ENTRIES PROVIDED ->
#####
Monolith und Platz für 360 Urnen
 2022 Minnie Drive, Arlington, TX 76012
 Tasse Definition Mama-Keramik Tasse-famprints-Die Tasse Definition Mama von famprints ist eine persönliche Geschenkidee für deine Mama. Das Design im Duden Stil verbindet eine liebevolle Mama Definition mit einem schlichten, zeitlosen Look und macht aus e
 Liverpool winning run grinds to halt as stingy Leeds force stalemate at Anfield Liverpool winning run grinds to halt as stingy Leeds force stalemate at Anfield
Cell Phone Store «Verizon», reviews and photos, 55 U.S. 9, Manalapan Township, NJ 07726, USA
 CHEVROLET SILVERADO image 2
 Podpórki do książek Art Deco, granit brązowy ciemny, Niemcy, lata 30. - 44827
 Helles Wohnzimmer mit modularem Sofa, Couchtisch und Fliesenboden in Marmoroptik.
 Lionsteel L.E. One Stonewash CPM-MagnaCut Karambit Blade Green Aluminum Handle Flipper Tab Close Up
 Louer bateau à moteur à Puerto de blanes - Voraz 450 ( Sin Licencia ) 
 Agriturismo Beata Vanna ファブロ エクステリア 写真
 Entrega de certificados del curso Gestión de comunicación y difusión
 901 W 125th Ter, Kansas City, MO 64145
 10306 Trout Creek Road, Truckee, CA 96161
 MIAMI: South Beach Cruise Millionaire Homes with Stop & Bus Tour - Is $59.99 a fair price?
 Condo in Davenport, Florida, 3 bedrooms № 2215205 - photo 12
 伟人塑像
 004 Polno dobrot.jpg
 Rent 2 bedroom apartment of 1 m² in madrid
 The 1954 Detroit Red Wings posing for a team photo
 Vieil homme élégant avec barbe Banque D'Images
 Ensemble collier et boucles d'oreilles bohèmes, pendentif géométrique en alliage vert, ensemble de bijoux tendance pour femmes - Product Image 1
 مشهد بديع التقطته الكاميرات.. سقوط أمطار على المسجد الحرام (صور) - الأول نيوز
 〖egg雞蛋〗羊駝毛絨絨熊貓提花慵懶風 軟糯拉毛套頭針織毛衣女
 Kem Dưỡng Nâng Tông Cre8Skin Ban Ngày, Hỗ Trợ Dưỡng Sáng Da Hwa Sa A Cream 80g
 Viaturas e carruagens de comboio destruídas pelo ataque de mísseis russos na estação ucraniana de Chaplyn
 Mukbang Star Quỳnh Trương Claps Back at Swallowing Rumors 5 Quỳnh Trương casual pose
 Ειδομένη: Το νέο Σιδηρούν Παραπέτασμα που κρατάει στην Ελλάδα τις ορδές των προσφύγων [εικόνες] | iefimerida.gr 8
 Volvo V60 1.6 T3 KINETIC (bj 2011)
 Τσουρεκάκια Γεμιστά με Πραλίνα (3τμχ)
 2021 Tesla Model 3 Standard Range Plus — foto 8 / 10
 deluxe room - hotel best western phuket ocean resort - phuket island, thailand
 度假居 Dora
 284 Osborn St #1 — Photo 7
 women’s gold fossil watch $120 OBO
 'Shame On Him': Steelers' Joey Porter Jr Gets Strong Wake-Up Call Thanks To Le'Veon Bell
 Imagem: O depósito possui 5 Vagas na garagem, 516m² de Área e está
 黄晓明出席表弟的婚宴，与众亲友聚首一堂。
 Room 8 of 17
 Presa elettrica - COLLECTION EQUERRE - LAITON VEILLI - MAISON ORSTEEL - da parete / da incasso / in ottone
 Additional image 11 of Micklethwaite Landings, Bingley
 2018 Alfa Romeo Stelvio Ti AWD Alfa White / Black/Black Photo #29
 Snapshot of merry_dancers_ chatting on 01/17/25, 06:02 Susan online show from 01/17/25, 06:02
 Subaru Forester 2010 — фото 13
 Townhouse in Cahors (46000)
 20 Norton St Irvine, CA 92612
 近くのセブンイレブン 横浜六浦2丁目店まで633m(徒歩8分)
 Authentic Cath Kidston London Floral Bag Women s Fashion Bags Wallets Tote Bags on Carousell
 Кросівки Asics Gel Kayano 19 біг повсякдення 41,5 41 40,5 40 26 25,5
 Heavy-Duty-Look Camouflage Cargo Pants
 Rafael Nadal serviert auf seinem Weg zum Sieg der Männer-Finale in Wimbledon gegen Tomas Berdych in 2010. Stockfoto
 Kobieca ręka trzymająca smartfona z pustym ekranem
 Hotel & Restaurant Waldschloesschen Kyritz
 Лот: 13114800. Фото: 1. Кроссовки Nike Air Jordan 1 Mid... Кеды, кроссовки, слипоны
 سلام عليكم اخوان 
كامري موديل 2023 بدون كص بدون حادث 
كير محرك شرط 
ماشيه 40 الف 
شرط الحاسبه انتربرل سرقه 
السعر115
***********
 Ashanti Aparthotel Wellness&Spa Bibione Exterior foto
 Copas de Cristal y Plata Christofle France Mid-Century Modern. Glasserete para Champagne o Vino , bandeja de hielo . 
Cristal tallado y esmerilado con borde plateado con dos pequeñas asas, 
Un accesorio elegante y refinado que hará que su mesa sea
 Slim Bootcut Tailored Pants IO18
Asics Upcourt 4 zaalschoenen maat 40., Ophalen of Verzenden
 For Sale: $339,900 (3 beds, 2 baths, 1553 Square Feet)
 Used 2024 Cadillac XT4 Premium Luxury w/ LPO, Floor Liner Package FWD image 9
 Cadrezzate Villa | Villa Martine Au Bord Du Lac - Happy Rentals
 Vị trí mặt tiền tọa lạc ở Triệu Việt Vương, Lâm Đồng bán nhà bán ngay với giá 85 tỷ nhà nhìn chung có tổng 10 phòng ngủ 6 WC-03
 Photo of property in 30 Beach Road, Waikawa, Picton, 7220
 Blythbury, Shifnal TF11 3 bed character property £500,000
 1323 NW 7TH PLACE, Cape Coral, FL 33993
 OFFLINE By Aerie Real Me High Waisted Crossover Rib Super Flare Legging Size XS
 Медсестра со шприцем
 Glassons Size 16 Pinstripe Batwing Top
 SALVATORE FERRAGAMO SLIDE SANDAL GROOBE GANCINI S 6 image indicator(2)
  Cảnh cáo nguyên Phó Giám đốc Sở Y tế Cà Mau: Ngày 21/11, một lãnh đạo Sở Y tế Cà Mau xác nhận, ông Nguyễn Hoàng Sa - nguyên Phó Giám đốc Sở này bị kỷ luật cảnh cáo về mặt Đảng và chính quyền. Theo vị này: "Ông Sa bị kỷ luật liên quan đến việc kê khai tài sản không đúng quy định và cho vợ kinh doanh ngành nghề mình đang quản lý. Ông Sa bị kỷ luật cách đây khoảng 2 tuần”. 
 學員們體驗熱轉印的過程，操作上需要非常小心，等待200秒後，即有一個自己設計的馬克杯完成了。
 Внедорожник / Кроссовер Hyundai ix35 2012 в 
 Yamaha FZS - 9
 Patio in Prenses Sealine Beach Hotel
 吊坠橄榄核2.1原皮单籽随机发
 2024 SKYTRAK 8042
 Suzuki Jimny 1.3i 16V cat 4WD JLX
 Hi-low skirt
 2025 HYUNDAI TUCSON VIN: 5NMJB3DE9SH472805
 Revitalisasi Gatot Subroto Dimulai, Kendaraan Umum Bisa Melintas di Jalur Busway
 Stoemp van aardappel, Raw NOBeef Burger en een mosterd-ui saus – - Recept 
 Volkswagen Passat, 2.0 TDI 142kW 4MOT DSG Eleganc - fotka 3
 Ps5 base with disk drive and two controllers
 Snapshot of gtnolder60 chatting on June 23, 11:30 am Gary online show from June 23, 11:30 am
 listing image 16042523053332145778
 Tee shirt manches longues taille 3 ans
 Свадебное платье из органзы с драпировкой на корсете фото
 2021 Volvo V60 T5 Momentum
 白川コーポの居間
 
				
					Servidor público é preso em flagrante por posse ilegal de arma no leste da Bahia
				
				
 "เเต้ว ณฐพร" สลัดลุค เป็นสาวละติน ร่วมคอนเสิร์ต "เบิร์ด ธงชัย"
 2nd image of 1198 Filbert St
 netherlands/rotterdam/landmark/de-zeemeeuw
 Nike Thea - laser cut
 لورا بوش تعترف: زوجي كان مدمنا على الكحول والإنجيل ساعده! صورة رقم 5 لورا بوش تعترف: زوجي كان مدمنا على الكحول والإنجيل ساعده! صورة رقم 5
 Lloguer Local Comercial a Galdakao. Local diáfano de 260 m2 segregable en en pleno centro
#####
EXERCISE BRIEF -> Where the line holding "ماشيه 40 الف" appears in the listing above, start reproducing exactly, and end with the line holding "OFFLINE By Aerie".

SOLVED PROBLEM ->
ماشيه 40 الف 
شرط الحاسبه انتربرل سرقه 
السعر115
***********
 Ashanti Aparthotel Wellness&Spa Bibione Exterior foto
 Copas de Cristal y Plata Christofle France Mid-Century Modern. Glasserete para Champagne o Vino , bandeja de hielo . 
Cristal tallado y esmerilado con borde plateado con dos pequeñas asas, 
Un accesorio elegante y refinado que hará que su mesa sea
 Slim Bootcut Tailored Pants IO18
Asics Upcourt 4 zaalschoenen maat 40., Ophalen of Verzenden
 For Sale: $339,900 (3 beds, 2 baths, 1553 Square Feet)
 Used 2024 Cadillac XT4 Premium Luxury w/ LPO, Floor Liner Package FWD image 9
 Cadrezzate Villa | Villa Martine Au Bord Du Lac - Happy Rentals
 Vị trí mặt tiền tọa lạc ở Triệu Việt Vương, Lâm Đồng bán nhà bán ngay với giá 85 tỷ nhà nhìn chung có tổng 10 phòng ngủ 6 WC-03
 Photo of property in 30 Beach Road, Waikawa, Picton, 7220
 Blythbury, Shifnal TF11 3 bed character property £500,000
 1323 NW 7TH PLACE, Cape Coral, FL 33993
 OFFLINE By Aerie Real Me High Waisted Crossover Rib Super Flare Legging Size XS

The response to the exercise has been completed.